Willis first came to the attention of Chicago’s hip underground
back in the early ’90s as a sketch artist. Blessed with
an almost eidetic recall, Willis could whip up incredibly
detailed Magic Marker renderings of Chicago neighborhoods
from memory—and even list the exact addresses of the buildings
depicted days after sketching them. His cult popularity
as an artist put him into contact with a handful of musicians,
who inspired Willis to give the rock-star thing a try. He
picked up a Casio and began writing songs of such startling,
odd purity and simplicity—songs about public transportation,
weight loss, bad haircuts and other, more recognizable,
rock stars—that one of the unlikely performer’s indie releases
sold 12,000 copies and attracted fans such as the members
of Pearl Jam and Smashing Pumpkins.
True, Willis’ songs—which now number at more than 700—sound
conspicuously alike.
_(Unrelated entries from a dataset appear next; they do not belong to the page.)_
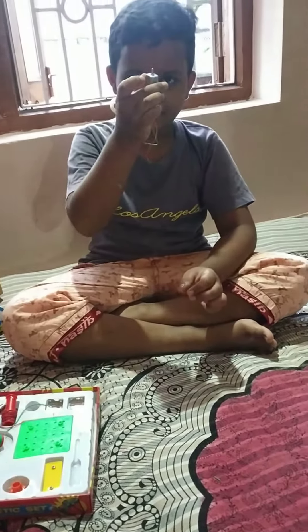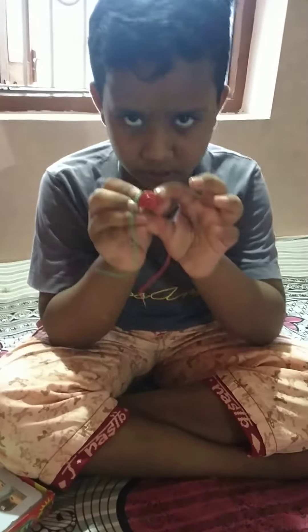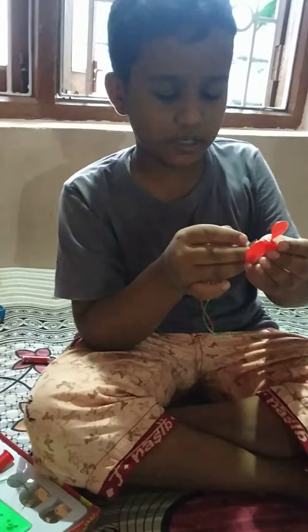I'll put a penkha, see how it is. If you get this, you can connect it here. Then you can connect it to the penkha.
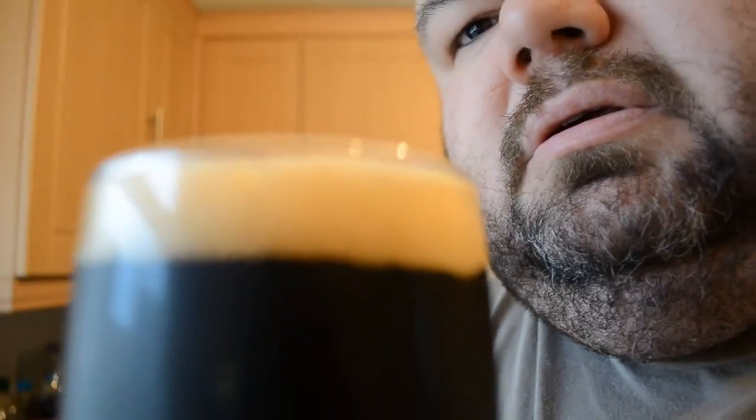That's about as dark as they get. You can see the bubbles on this — I'm going to zoom out a little bit and get the focus right. It's been chilled. Let me zoom in a bit — there we go. So this is the Wilco's Dark Velvet Stout.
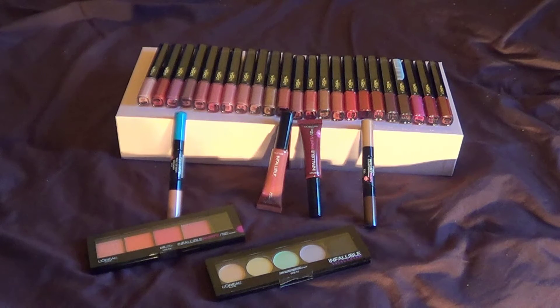Hi everyone, today we're going to talk about L'Oreal's products that I found in my local store — these are the Infallibles. They have two different lines: the regular Infallibles total coverage, and there's also the Paints.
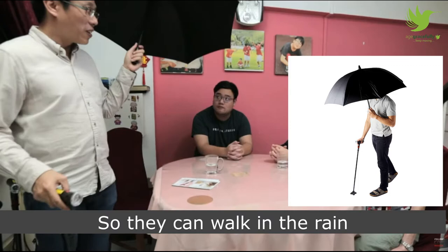It's designed for two persons, so the caregiver or their helper can help them to carry the umbrella, and they can rely on the walking stick itself.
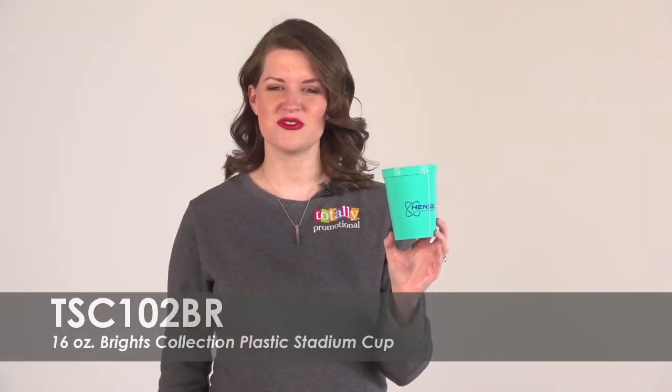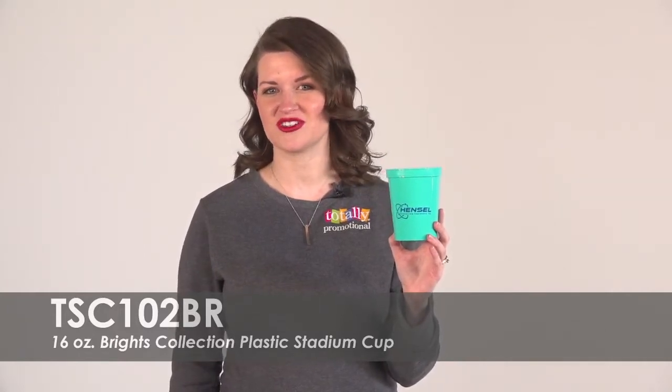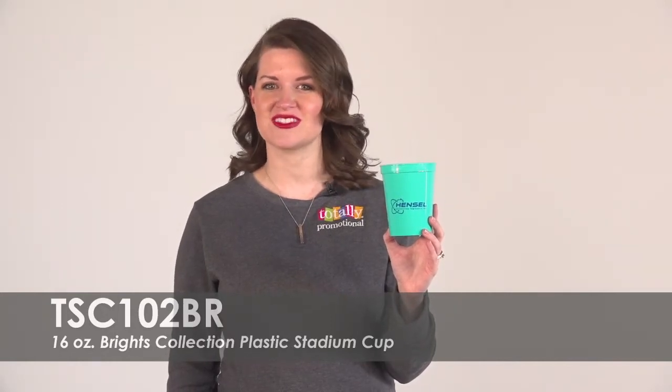These reusable high density polypropylene cups easily hold a 12 ounce beverage and are top rack dishwasher safe. Perfect for office giveaways or spa gift packages to make your business stand out from the competition.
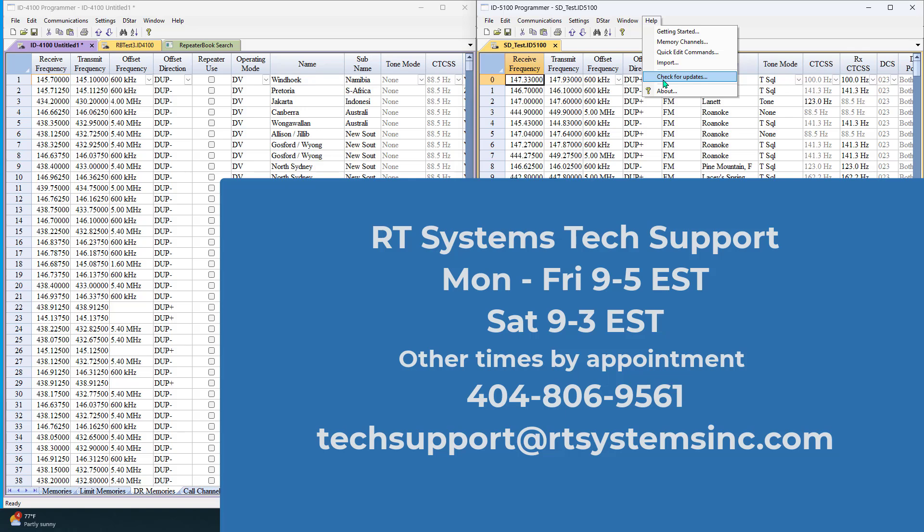This is Karen, and remember: if you think you can or you think you can't, you're right. 73s.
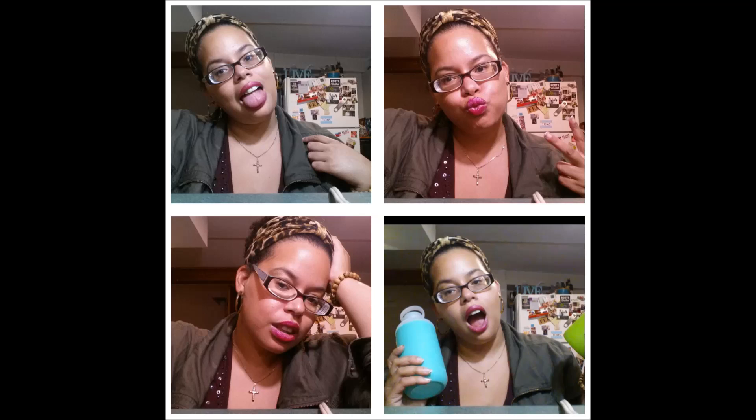Hey guys, it's Vanessa. If you want to see vlog day 10, which is a review on the Beker water bottle as well as a dupe for it, the Contigo Tranquil water bottle, head over to my second channel, Vain Takes a Sip.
Identical cheesy keyboard beats and
rudimentary, repetitive melodies don’t fit the mold for
pop success by a long shot, but where else can you find
lyrics such as these, from Willis’ composition “Cut the
Mullet”? “The mullet is the reason why people hate you/they
are sick of looking at your nappy weed-sack/Nobody wants
to look at you with that mullet on your head/Why don’t you
cut that mullet, you numbskull.”
Willis’ whimsical, plainly observational lyrics are offset
with more alarming themes, chief among them his own psychosis.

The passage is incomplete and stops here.